Mit freundlichen Grüßen
RA K. Roth
Ja das ist kein Problem, habe sowieso am Montag meinen freien Tag!
Ihnen ein schönes Wochenende!
MfG
K.
Zu 1.
Es geht mir hier überhaupt nicht um die "Bezahlbarkeit" der Überstunden, da die geleistete Arbeitszeit elektronisch wie bei Stechkarten erfasst und minutengenau vergütet wird. Es geht mir hier eher um die Grenzen der Anweisungen des Arbeitgebers.
Ich habe nochmals in meinen Arbeitsvertrag geschaut, es ist folgendes vereinbart:
"Beginn und Ende der täglichen Arbeitszeit sowie der Pausen unterliegen dem Weisungsrecht des Arbeitgebers und richten sich nach der Regelung im Betrieb. Der Arbeitsnehemr erklärt sich bereit, während der Betriebszeiten flexibel tätig zu sein.
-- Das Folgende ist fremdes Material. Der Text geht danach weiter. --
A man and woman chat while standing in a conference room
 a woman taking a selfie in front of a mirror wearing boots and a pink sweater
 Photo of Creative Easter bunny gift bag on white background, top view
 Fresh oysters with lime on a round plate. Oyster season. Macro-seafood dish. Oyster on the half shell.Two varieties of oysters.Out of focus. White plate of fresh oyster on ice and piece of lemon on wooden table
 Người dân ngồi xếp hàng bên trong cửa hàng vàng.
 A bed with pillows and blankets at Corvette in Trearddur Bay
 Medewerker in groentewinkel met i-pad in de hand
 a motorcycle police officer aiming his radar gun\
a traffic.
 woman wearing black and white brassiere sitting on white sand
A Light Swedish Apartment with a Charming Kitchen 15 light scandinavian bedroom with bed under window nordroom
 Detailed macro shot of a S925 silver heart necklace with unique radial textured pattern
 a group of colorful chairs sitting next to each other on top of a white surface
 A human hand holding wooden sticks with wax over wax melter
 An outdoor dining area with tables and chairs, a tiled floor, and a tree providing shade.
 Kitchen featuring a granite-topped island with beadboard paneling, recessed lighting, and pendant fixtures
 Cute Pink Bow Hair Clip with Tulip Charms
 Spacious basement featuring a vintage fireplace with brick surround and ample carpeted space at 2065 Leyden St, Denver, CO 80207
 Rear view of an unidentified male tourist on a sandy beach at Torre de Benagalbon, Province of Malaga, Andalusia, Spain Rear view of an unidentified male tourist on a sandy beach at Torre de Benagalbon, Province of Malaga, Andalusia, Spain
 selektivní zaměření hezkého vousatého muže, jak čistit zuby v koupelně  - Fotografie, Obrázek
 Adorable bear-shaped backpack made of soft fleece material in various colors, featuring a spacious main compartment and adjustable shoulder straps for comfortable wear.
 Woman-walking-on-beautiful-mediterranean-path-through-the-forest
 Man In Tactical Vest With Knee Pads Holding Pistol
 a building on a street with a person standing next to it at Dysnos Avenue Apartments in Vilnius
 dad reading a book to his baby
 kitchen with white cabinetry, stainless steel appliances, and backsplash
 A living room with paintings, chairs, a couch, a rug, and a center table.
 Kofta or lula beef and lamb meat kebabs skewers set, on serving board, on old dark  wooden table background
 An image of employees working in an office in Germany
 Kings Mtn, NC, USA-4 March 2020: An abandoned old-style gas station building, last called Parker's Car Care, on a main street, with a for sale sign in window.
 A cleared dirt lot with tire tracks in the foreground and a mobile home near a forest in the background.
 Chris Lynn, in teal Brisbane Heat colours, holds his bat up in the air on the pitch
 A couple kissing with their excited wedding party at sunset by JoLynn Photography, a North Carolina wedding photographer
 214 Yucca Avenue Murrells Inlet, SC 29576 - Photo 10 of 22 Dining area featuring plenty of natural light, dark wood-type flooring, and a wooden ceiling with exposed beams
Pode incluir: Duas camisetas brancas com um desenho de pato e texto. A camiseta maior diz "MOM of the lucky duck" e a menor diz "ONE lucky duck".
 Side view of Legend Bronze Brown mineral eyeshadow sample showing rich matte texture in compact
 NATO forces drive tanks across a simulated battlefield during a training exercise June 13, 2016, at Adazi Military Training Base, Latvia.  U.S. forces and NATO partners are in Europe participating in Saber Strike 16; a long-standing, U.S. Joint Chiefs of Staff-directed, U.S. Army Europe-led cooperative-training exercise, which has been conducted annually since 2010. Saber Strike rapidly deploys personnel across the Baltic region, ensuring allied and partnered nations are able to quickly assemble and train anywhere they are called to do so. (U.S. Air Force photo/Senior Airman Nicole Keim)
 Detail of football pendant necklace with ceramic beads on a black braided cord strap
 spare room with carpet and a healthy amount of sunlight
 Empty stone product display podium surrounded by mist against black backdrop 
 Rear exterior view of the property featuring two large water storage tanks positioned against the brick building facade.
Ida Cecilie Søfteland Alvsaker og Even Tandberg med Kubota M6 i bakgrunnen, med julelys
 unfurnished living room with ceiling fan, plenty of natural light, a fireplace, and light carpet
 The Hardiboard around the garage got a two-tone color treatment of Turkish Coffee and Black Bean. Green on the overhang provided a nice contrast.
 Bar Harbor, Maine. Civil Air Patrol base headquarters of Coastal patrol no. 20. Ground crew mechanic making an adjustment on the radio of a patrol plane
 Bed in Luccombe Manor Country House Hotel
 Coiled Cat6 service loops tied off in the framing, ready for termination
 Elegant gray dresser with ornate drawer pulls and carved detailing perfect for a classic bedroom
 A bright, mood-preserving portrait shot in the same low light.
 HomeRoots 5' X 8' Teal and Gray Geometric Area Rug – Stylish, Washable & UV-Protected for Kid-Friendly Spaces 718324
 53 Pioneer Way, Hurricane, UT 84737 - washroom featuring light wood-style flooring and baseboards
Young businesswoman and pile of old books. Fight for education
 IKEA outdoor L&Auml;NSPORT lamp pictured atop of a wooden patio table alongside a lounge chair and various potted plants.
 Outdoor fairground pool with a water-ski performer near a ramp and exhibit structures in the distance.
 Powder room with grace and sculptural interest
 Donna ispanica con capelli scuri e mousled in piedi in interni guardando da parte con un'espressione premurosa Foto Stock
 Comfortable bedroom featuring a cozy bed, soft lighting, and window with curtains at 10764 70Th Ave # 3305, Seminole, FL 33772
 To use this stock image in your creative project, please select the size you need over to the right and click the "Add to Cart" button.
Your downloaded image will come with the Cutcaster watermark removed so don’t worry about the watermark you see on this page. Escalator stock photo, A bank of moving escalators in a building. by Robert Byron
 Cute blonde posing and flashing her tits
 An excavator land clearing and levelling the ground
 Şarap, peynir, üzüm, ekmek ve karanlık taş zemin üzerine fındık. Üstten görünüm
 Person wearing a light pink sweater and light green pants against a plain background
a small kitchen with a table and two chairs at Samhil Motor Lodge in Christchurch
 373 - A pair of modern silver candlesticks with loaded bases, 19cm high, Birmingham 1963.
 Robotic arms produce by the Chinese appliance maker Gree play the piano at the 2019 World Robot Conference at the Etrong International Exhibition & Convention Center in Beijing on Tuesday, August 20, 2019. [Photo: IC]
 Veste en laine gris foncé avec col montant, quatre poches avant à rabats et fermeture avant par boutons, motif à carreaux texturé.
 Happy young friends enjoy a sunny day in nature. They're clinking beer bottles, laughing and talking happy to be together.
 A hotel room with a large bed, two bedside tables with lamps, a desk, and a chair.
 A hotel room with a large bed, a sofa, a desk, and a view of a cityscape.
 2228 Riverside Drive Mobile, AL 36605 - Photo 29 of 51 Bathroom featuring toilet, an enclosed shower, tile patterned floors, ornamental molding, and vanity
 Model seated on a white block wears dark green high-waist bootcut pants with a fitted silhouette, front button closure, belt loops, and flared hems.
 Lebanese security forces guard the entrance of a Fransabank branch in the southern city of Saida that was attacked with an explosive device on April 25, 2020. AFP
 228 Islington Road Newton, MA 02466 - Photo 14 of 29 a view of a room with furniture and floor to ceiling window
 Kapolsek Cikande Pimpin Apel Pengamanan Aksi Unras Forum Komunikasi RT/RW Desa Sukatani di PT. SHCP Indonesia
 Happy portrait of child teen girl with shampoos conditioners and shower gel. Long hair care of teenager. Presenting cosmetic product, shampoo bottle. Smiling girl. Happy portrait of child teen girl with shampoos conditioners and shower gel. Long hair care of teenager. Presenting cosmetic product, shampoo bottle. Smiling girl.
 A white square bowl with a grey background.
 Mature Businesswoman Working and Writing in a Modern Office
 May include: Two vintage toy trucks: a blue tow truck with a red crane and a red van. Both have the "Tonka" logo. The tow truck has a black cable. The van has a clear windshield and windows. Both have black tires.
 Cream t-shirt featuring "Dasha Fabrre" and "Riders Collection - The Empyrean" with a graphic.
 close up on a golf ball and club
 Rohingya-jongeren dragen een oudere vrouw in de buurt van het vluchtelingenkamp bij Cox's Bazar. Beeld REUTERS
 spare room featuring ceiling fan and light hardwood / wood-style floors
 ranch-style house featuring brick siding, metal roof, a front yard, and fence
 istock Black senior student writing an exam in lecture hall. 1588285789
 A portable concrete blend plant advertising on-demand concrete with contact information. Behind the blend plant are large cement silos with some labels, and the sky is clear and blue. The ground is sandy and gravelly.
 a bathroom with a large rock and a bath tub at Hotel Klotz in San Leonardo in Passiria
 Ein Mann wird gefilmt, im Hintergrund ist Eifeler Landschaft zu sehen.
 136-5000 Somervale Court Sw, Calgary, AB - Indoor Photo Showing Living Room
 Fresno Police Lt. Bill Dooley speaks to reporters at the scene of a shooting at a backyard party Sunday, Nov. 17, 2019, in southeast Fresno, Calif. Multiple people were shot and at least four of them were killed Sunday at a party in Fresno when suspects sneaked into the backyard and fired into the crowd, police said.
Darüber hinaus erklärt er ausdrücklich, im Bedarfsfall angeordnete Mehrarbeit zu leisten."
Wie ist das nun, wenn der Arbeitgeber an 3 von 5 Tagen der Woche nicht im Voraus, sondern frühestens bei Arbeitsantritt (meist eher kurz vor Schluss) sagt, dass heute dageblieben werden muss, bis alles fertig ist? Was wenn ich nach meiner Arbeitszeit gehe und die Arbeit eben nicht fertig ist, habe ich dann mit Konsequenzen (mit welchen?) zu rechnen? Kann man die Grenzen der Mehrarbeit irgendwie in Zahlen festhalten, z.B. maximal 10 Stunden am Tag, oder maximal 5 Überstunden pro Woche oder pro Monat? Wo sind die Grenzen???
Zu 2.
Hier haben Sie bzgl. der Arbeitsschnelligkeit leider gar nicht geantwortet, bspw. :
"Muss ein vom Betrieb vorgegebener Wert (z. B. eine gewisse übliche Anzahl von Kollis/Einheiten) erreicht werden, obwohl hier keine Akkordarbeit vereinbart ist?"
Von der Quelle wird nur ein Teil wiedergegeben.